A «Sociedade de Contadores de histórias»
Tudo se passa «numa certa noite de Inverno», «num dos lugares mais misteriosos da cidade de Ouro Preto», onde o narrador acaba de chegar, vindo de muitas partes do mundo para as ceder àquele local. O desafio é conhecer a Cidade-Baixa, os subterrâneos de Ouro Preto, «lugarejos secretos» que Flauta Mágica – o que viaja de recordações e é «residente das lembranças» – assemelha aos que há sob Praga, Munique, Buenos Aires, Porto, e o «leme da imaginação» leva-o pela Grécia, Hungria, savanas africanas, ao interior de mosteiros espanhóis, à «meditação nas altas montanhas da Indochina». Assim se faz uma história sobre as peregrinações pelo mundo em busca de histórias. E assim se leva o mundo a uma pequena cidade transformando-a numa cidade do mundo.
A Ferdinando Flauta Mágica vão-se juntando outras tantas personagens surpreendentes para uma jornada de convívio com a «Sociedade de Contadores de Histórias»: entre muitos outros, estão Língua-Solta, homem de «rosto ameno e pacífico», apesar da «cicatriz em forma de lua minguante» a cortar-lhe a face, «olhos cor de pedra-sabão» e que, «embora seu nome indicasse o posto, parecia tudo fazer e tudo dizer com a língua guardada»; Centauro Veloz, um velhinho «galante e com nariz para o alto» que em jovem fora mordomo de dois governadores de Minas Gerais e com elegância segurava as tochas que iluminavam a caminhada «rumo às profundezas de Ouro Preto»; Jerónimo, um cego que sonhava com o fogo, e que o narrador imagina que tivesse asas, «as asas talvez de um anjo, talvez as asas de uma ave cuja espécie jamais conheceremos»; António-das-Hipérboles, homem «especialista em exagerar os factos do mundo» ; João Codax, um sineiro aposentado, com novas grandes missões; Maga Romena, especialista em dragões e conhecedora de todas as suas histórias «já escritas ou inventadas pelo mundo afora»; Nancy Cairo, «uma perfumista, fabricante de fragrâncias, inventora de odores, arquitecta de cheiros»; Magóia Coromande, uma detective que investiga o roubo das ossadas do «Hipnotizador» patrono da Petúnia Negra, organização dedicada aos estudos da hipnose, mas que é disputado por outra sociedade rival que o quer para patrono do seu mundo com grandes bibliotecas de ficção.

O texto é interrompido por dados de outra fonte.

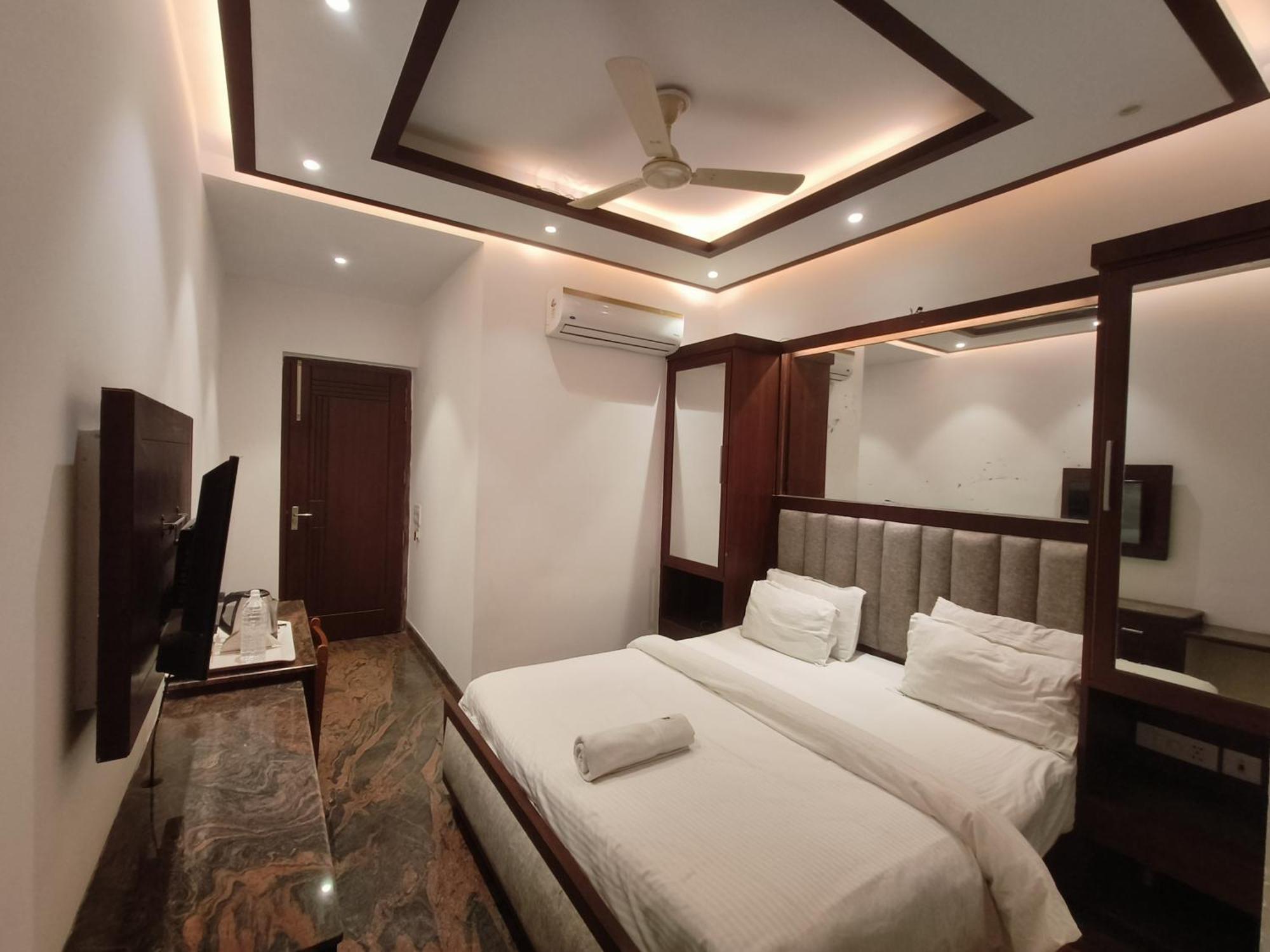 Jjk Rukmini Vilas Hotel & Banquet Muzaffarpur Exterior foto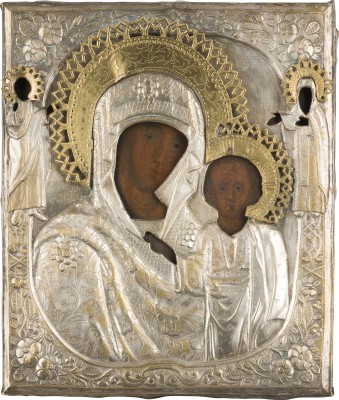 Auction 147<br>IKONE MIT DER GOTTESMUTTER VON KASAN (KASANSKAJA) MIT OKLAD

Todos percorrem os subterrâneos de Ouro Preto, rumam ao Salão das Histórias de Suspense, ao Salão das Histórias Intermináveis, ao Salão das Histórias Policiais, pelos corredores labirínticos onde a magia da imaginação acontece.

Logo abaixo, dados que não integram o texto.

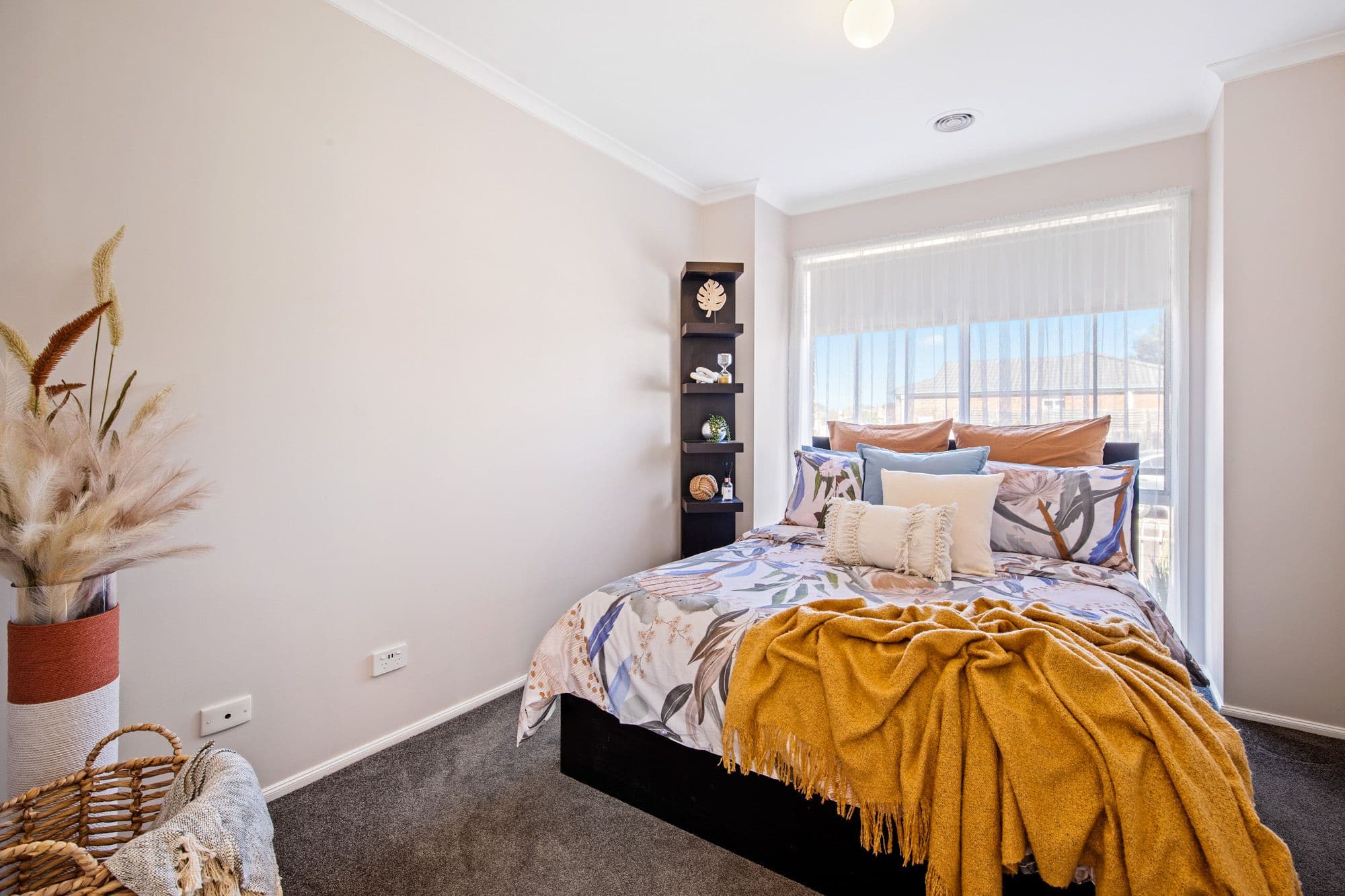 161 Shaws Road, Werribee VIC 3030, Werribee - Thumbnail 4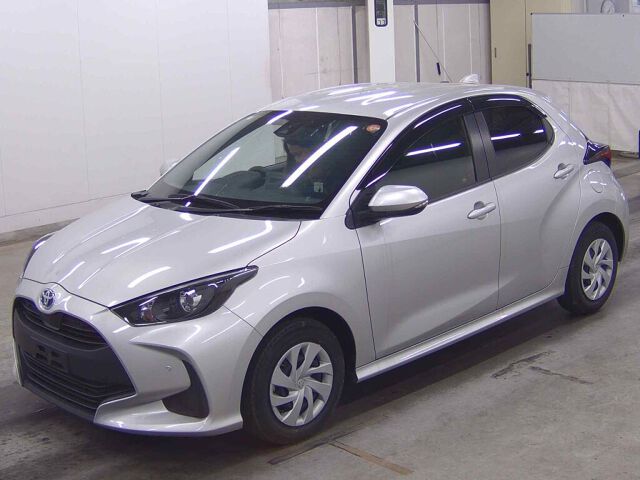 2021 Toyota Yaris ハイブリッドX auction photo 4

«O coração de um homem que acredita em fábulas é um coração destinado aos sobressaltos, aos disparos incontroláveis.» Por mais viajado que fosse Flauta Mágica, esperava-o o inesperado. Por mais livros que um leitor tenha lido, é o sobressalto, o espanto da leitura que ele procura. E, claro, o hipnotismo. Tudo está neste livro de Paulinho Assunção: «Ah, os filósofos. E os poetas. E os loucos. E as crianças. As mulheres apaixonadas. E os sem eira nem beira pelo morro abaixo das fantasias.».

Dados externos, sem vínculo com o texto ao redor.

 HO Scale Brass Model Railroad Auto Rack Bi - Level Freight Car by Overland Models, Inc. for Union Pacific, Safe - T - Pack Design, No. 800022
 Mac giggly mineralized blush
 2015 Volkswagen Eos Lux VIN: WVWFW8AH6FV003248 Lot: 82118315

O Hipnotizador, Paulinho Assunção; Editorial Campo das Letras, Porto, Fevereiro 2008
2 comentários:
vou comprar o original... vem com algum açucar nas entrelinhas...e andamos todos a precisar, de pelo menos, alguma sacarose.
obrigado pelo comentário do "branco e preto"
Uhm...estou a ver que vens do Brasil carregado de boas compras!